[Start of Attachment]
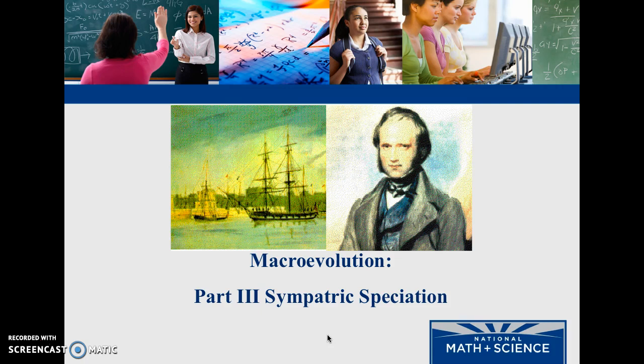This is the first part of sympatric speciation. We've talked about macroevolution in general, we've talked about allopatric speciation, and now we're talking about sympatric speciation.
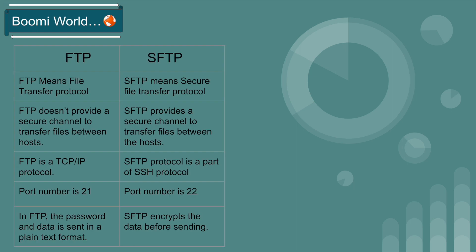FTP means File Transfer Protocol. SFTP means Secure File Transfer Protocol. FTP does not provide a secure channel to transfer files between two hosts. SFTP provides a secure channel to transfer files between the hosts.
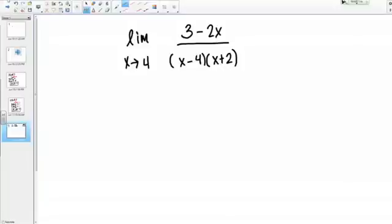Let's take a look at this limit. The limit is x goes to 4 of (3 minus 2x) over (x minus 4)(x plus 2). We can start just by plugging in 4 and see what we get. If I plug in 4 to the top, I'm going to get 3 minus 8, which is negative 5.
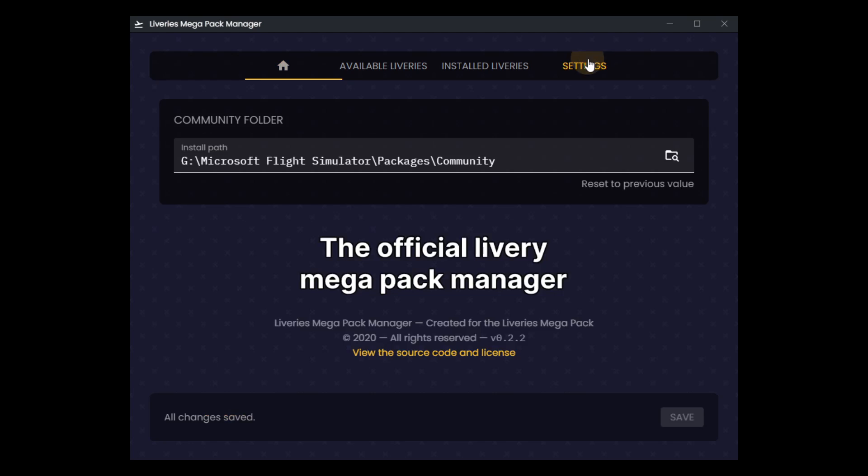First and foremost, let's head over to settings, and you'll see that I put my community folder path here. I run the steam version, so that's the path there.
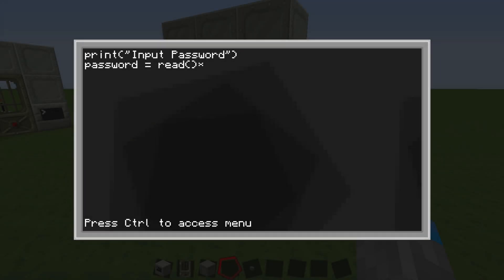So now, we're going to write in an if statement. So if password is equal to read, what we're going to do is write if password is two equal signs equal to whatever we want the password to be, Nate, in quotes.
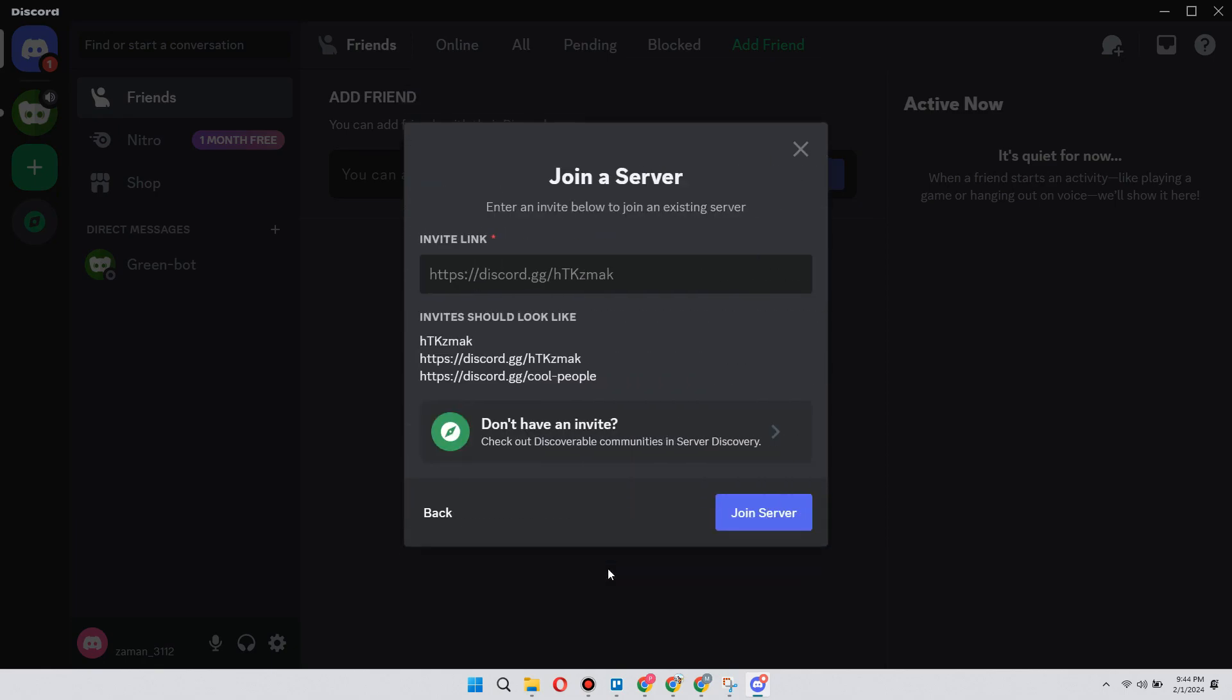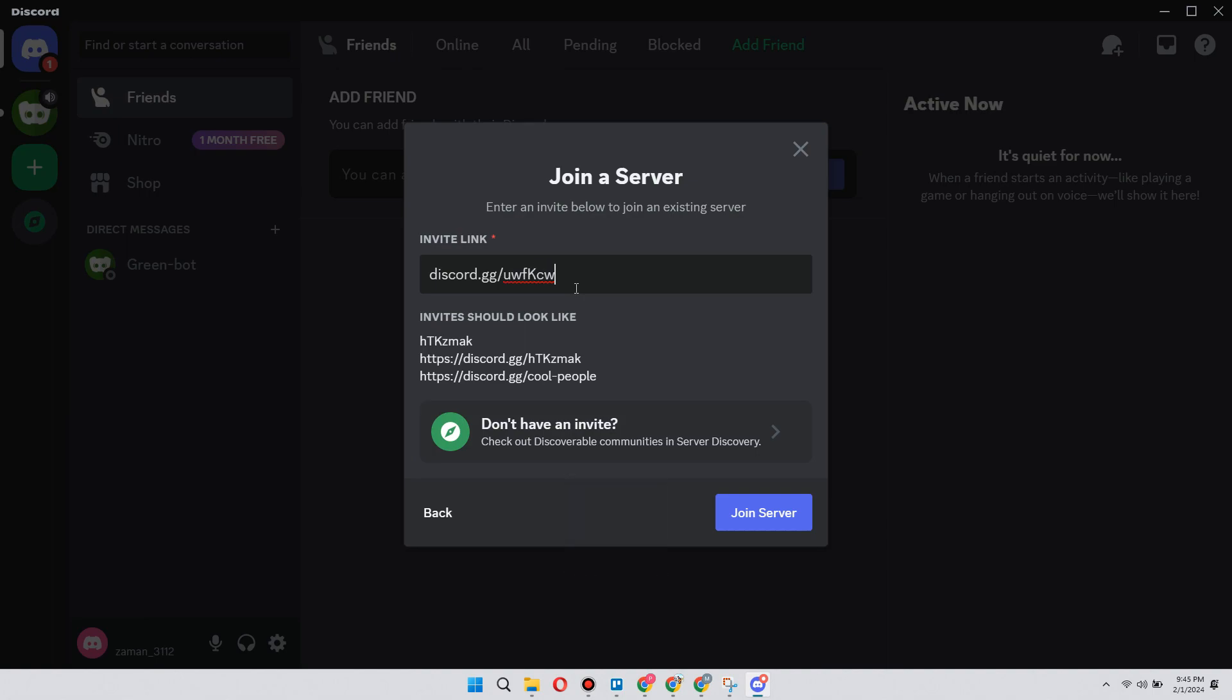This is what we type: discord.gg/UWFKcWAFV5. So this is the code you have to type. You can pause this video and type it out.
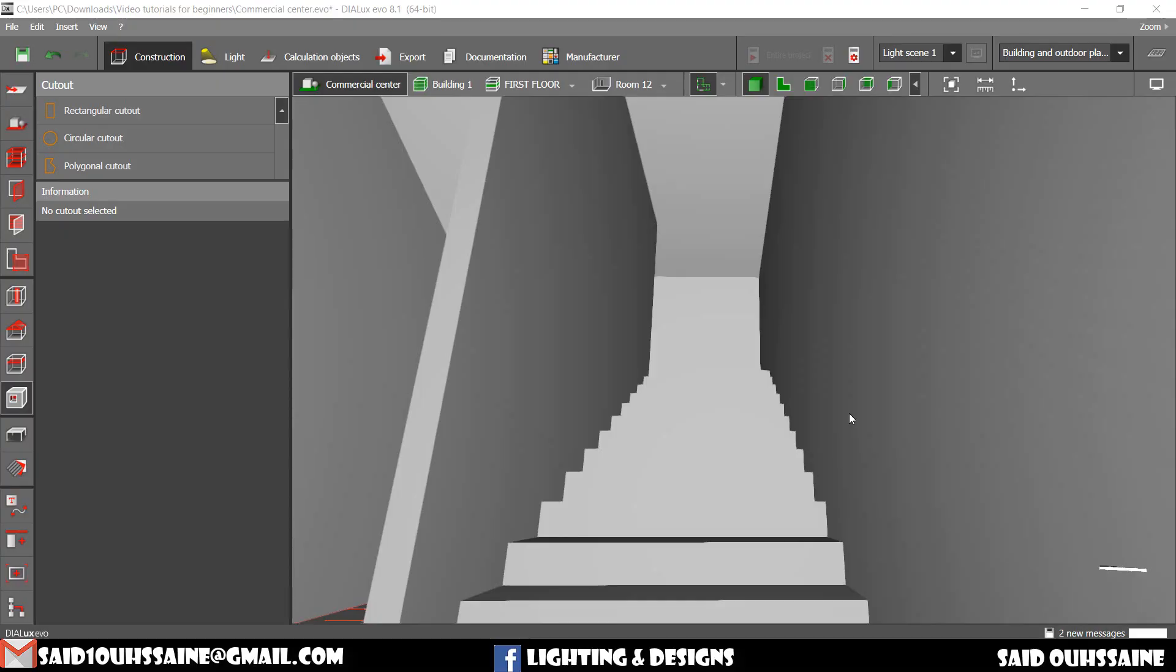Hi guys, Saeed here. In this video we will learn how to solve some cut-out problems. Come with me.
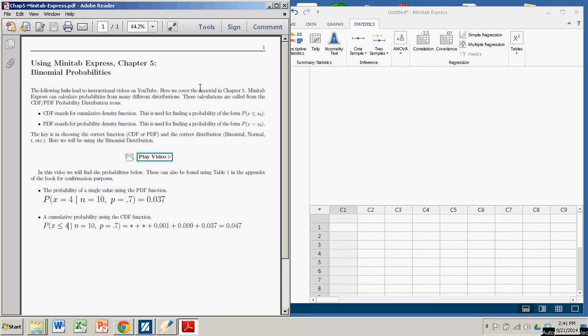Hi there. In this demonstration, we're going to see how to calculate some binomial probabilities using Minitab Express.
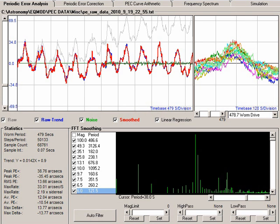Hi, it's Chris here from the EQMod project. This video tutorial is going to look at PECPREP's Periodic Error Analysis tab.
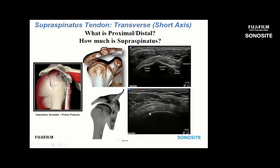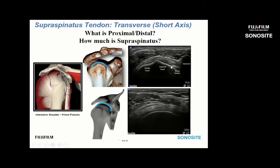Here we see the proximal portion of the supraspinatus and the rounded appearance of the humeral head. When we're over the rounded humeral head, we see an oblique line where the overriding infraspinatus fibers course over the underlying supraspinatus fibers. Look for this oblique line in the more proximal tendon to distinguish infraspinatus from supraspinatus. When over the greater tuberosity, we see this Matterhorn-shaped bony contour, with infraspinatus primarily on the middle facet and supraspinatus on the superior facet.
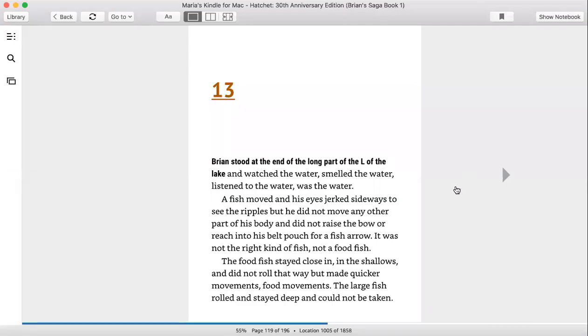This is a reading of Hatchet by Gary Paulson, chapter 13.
[End of Attachment]
• [Your assignment] Both the line above containing "FTP means File" and the line containing "Hi there. In" belong in the copy, along with every line between them; print these exactly and omit the pictures.

• [Written solution]
FTP means File Transfer Protocol. SFTP means Secure File Transfer Protocol. FTP does not provide a secure channel to transfer files between two hosts. SFTP provides a secure channel to transfer files between the hosts.
Let's take a look at this limit. The limit is x goes to 4 of (3 minus 2x) over (x minus 4)(x plus 2). We can start just by plugging in 4 and see what we get. If I plug in 4 to the top, I'm going to get 3 minus 8, which is negative 5.
First and foremost, let's head over to settings, and you'll see that I put my community folder path here. I run the steam version, so that's the path there.
So now, we're going to write in an if statement. So if password is equal to read, what we're going to do is write if password is two equal signs equal to whatever we want the password to be, Nate, in quotes.
This is what we type: discord.gg/UWFKcWAFV5. So this is the code you have to type. You can pause this video and type it out.
Hi guys, Saeed here. In this video we will learn how to solve some cut-out problems. Come with me.
Hi there. In this demonstration, we're going to see how to calculate some binomial probabilities using Minitab Express.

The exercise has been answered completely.